[PATCH 06/16] drm: Protect the master management with a drm_device::master_mutex
David Herrmann
dh.herrmann at gmail.com
Thu Mar 27 16:44:13 PDT 2014
Hi
On Wed, Mar 26, 2014 at 9:40 PM, Thomas Hellstrom <thellstrom at vmware.com> wrote:
>> - Why don't add a spin-lock to "drm_file" instead? Use that one to
>> manage master contexts, but keep "struct_mutex" whenever calling into
>> driver callbacks (set_master/drop_master)
>
> See above. We can't have a lock in the drm_file structure since it
> protects drm_minor data. Also, while it might be possible to restructure
> some code to be able to use spinlocks instead of mutexes I see no reason
> to. The established locking order now is master_mutex -> ttm_lock ->
> struct_mutex which means master_mutex must be a mutex.
Thanks, that order really helps understanding what these locks do.
More, actually, than the commit message ;) It also shows how awful
struct_mutex is.. Using it as data-protection and execution-sync is
really weird. So I'm all for doing more fine-grained locking if it's
as simple as with the master-stuff.
>> - why is master_mutex per device and not per-minor? I thought masters
>> on minors are _entirely_ independent?How do multiple keysyms
>
> Because currently there is only one master capable minor per device, so
> it would be equivalent. And even if there were more, there is no reason
> to expect any contention and thus a single master_mutex would be fine.
Fair enough.
>>> diff --git a/drivers/gpu/drm/drm_fops.c b/drivers/gpu/drm/drm_fops.c
>>> index e6cdd0f..dad571f 100644
>>> --- a/drivers/gpu/drm/drm_fops.c
>>> +++ b/drivers/gpu/drm/drm_fops.c
>>> @@ -231,12 +231,13 @@ static int drm_open_helper(struct inode *inode, struct file *filp,
>>>
>>> /* if there is no current master make this fd it, but do not create
>>> * any master object for render clients */
>>> - mutex_lock(&dev->struct_mutex);
>>> + mutex_lock(&dev->master_mutex);
>>> if (drm_is_legacy_client(priv) && !priv->minor->master) {
>>> /* create a new master */
>>> + mutex_lock(&dev->struct_mutex);
>>> priv->minor->master = drm_master_create(priv->minor);
>>> + mutex_unlock(&dev->struct_mutex);
>>> if (!priv->minor->master) {
>>> - mutex_unlock(&dev->struct_mutex);
>>> ret = -ENOMEM;
>>> goto out_close;
>>> }
>>> @@ -245,28 +246,25 @@ static int drm_open_helper(struct inode *inode, struct file *filp,
>>> /* take another reference for the copy in the local file priv */
>>> priv->master = drm_master_get(priv->minor->master);
>>>
>>> + mutex_lock(&dev->struct_mutex);
>>> priv->authenticated = 1;
>>>
>>> mutex_unlock(&dev->struct_mutex);
>> What's that struct_mutex doing here? We're in ->open(), there is
>> no-one racing against us.
>
> Well, it was held at that point before, and the purpose of this patch is
> not to generally clean up struct_mutex usage.

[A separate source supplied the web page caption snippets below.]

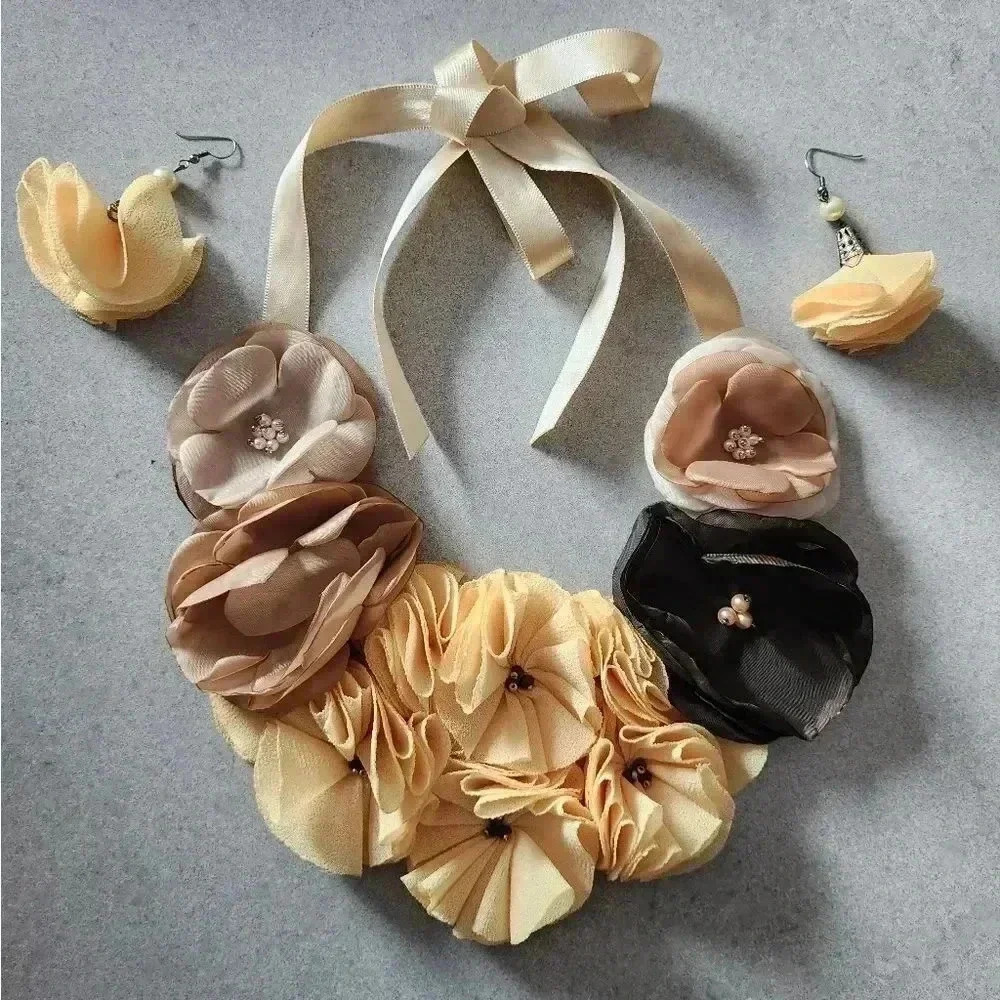 Handmade necklace and earings set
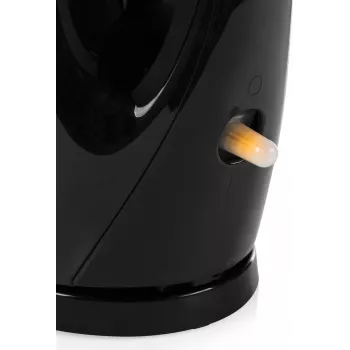 Chaleira Tristar WK-3384 - 1,7 l - 2200 W - preto - plástico - indicador de nível de água (WK-3384)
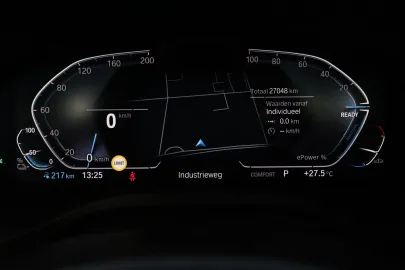 Car image 27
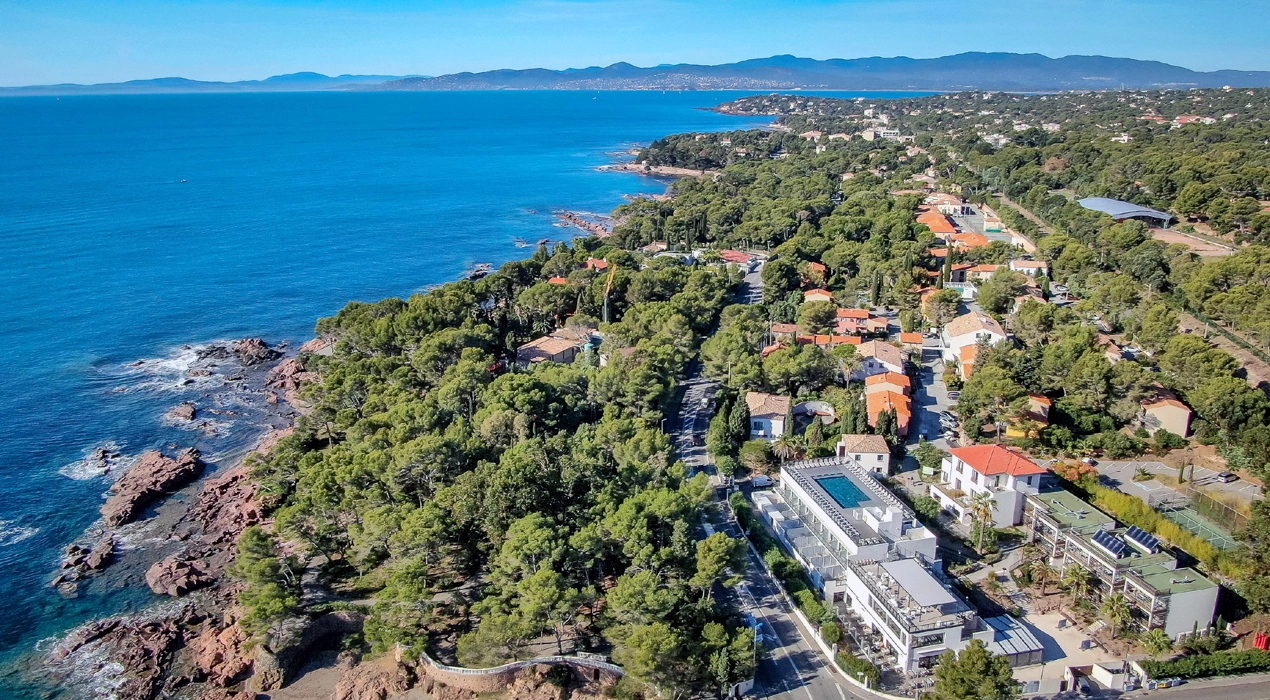 découvrez le sowell hôtel aux menuires pour un séjour exceptionnel en 2025 : hébergement confortable, accès direct aux pistes, services haut de gamme et vues imprenables sur les alpes. réservez dès maintenant vos vacances à la montagne !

Well, it now looks like this:
mutex_lock(&dev->struct_mutex);
priv->authenticated = 1;
mutex_unlock(&dev->struct_mutex);
Which looks so _wrong_ that I thought we should fix it right away. But
ok, I'm not going to force you to do so.
Quick lock-review:
* drm_authmagic() uses drm_global_mutex to protect setting
priv->authenticated (racing against us..)
* current context is ->open() so no-one has access to "priv". We
haven't even linked it to dev->filelist, but we called into the driver
which might have done anything..
* drm-fops read ->authenticated _unlocked_, so no reason at all to do
an explicit locking around a _single_ write (which is only needed in
very rare cases, anyway)
* it is never set to anything else but 1; a _single_ barrier after
setting it should be enough
In case you don't want to incorporate that, I will send a cleanup.
Would be nice to have the mutex-locking in drm-next to get some
testing. v2 looks good, I haven't done a thorough locking review,
though. But I guess you did, so feel free to include it in your pull.